Whaler Wars

Rediscovering the fun of a simple boat.

December 29, 2015
Steve Haefele

Recently, an industry pal surprised me. While he’s an expert at plumbing complex systems on yachts, he’s always grousing that the big boats are “too damn complicated.” I just never thought it would come to this: a vintage 13-foot Whaler. He adopted one from a client!

“You can’t turn the clock back,” I counseled.

“Sure I can,” he said. “She’s a ’66, the same year as my first.”


“We’re not kids anymore, for God’s sake. You’ll look like a Shriner stuffed into one of those little cars at the circus.”

“I don’t give a damn,” he answered. “I’m fed up with complicated. The 13’s simple.”

I’d gone through a similar regression when I was 40-ish. She was a perfect 13: white hull, light-blue cockpit. She spit out her varnished mahogany innards in sour seas on her first trip to the Bahamas behind our 37-foot Bertram, Anhinga. No worries: I went native, just a seat and a stick tiller. She soldiered on over the years, surviving a thousand miles in tow and three hurricanes. My back didn’t. Old 13s are animated.
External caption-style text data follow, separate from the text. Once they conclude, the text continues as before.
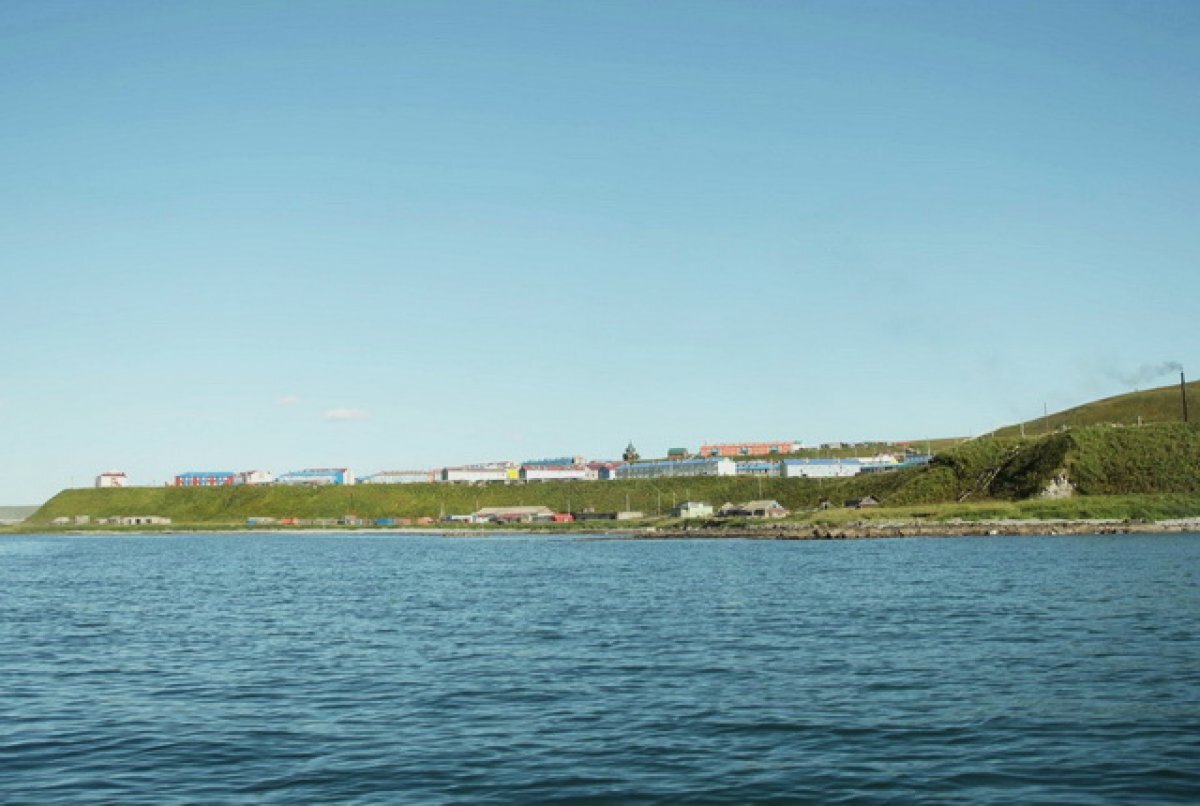    Генпрокуратура заинтересовалась отсутствием Росрыболовства на Командорах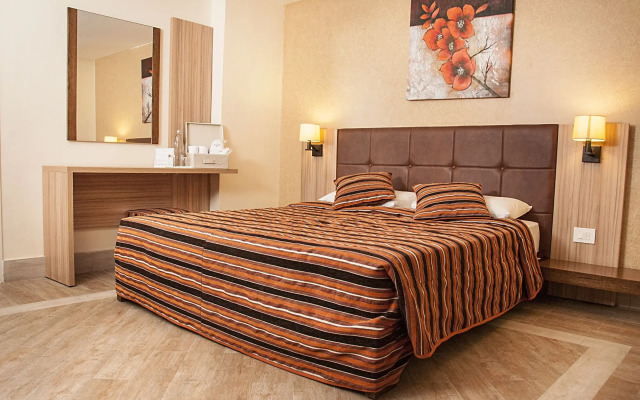 Marble Tower Hotel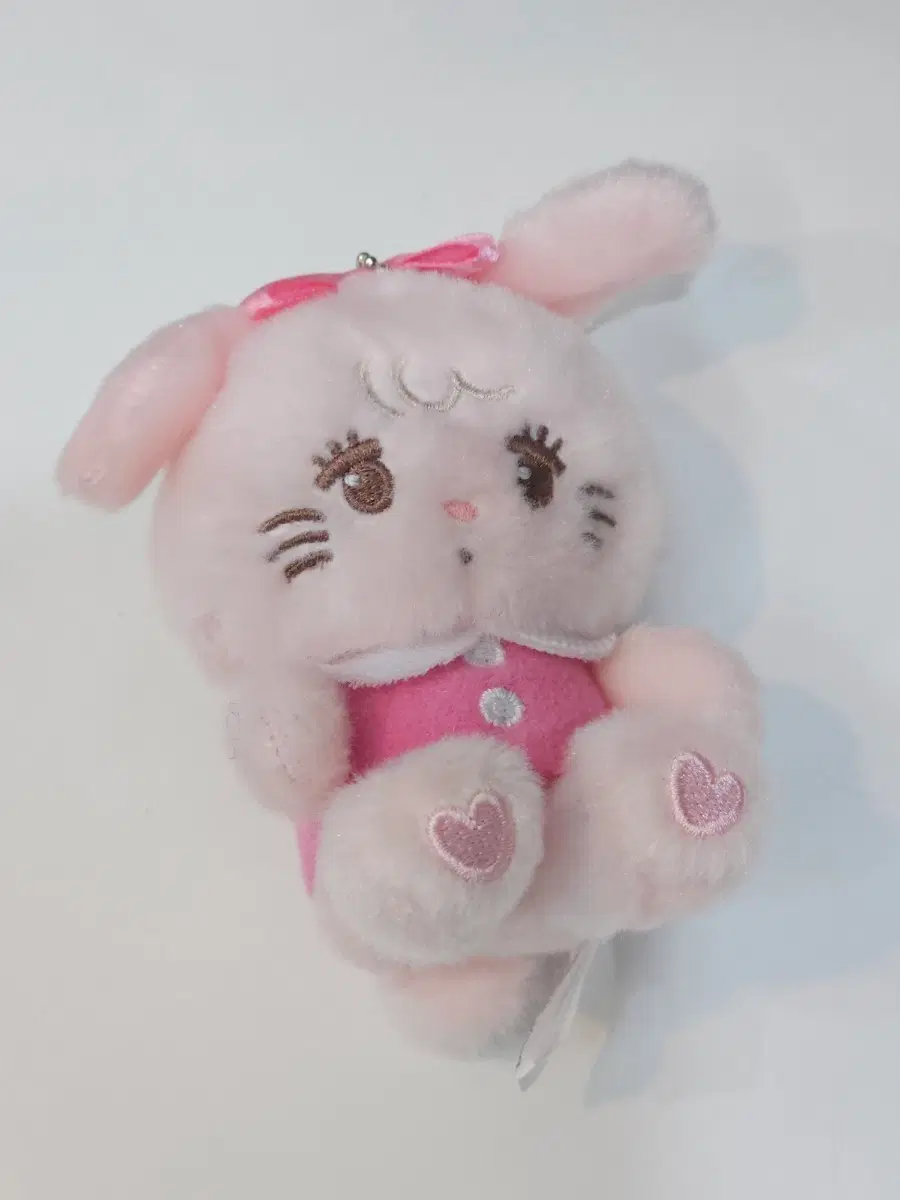 미코 캐릭터즈 봉제 인형 키링 가챠 2탄 캐미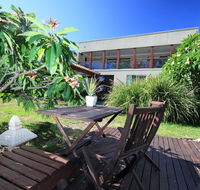 Songbird - Brisbane Tourism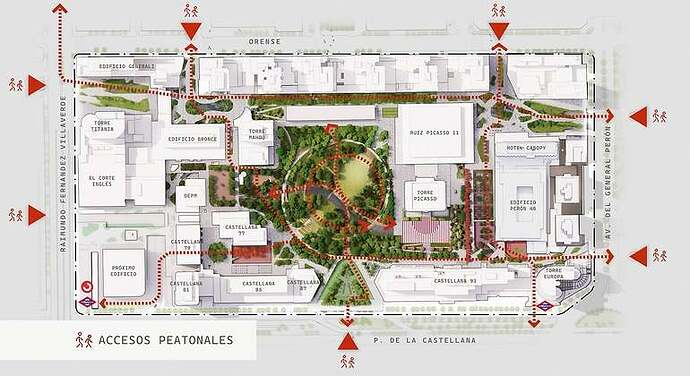 Madrid Proyecta 🏗️ tweet media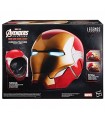 Avengers - Legend Gear 2: Iron Man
She soldiered on over the years, surviving a thousand miles in tow and three hurricanes. My back didn’t.”

“Why not buy something new off the rack?” I suggested.

“New boats are too complicated,” my pal argued. He then shared the story of a client who bought his kids a “simple” runabout. “The damn thing had a 10,000-watt stereo, a water-toy roof rack and an iPod station. It got a little snotty, and they stuffed her, filled her to the brim with water. They’re lucky they weren’t electrocuted!”

“A 13 is plug-and-play,” my pal continued. “Plug a 6-gallon fuel tank into the motor, and you’re off.”


We hadn’t learned seamanship ­online. Our training had been hands-on — a 13. The transition from bathtub to the tub-like utility had been almost seamless. I reminded my pal of the dumb things we did for play. “Remember Navy Frogman (“deploying” overboard at full throttle) or landing craft (plowing onto the beach)?”

Parent-imposed regulations were summarily ignored. Fortunately, the tough-skinned, unsinkable 13 was a forgiving charge. With an 18 hp Evinrude screwed to the transom, our stout little ships were almost invincible. My pal’s was lost not to the sea, but to his angry father, who spotted him bouncing across breakers in the inlet.

The hook was in. “What kind of condition is she in?” I wondered aloud.


“Doesn’t matter,” my pal said. “I’ll pop a few holes in her transom, set her on end and bleed her dry. A bit of epoxy and paint, and she’ll be like new.”

“What are you gonna do with her? You’re too old for Whaler war games.”

“I will enjoy her simplicity, float the flat for redfish and land her on the beach to swim — slowly, of course! Wanna enlist?”

Yup! I uncovered my old 13 last night. She’s ready, and so am I. All I need is a 6-gallon fuel tank, Advil and a chiropractor!